===== Data to process =====

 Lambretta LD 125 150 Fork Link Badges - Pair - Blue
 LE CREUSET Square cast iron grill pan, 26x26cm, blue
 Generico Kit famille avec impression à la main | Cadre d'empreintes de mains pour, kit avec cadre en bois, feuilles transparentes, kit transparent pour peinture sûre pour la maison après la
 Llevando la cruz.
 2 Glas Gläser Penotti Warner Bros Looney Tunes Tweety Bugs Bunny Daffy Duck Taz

=====
===== Data to process =====

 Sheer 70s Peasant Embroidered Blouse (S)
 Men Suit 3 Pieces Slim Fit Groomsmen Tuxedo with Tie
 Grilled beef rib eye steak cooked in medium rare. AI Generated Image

=====

# Work to be completed:
Give back exactly the lines above starting at the line where "LE CREUSET Square" appears and ending at the line where "2 Glas Gläser" appears, both included, with no other lines.

# Exercise answer:
 LE CREUSET Square cast iron grill pan, 26x26cm, blue
 Generico Kit famille avec impression à la main | Cadre d'empreintes de mains pour, kit avec cadre en bois, feuilles transparentes, kit transparent pour peinture sûre pour la maison après la
 Llevando la cruz.
 2 Glas Gläser Penotti Warner Bros Looney Tunes Tweety Bugs Bunny Daffy Duck Taz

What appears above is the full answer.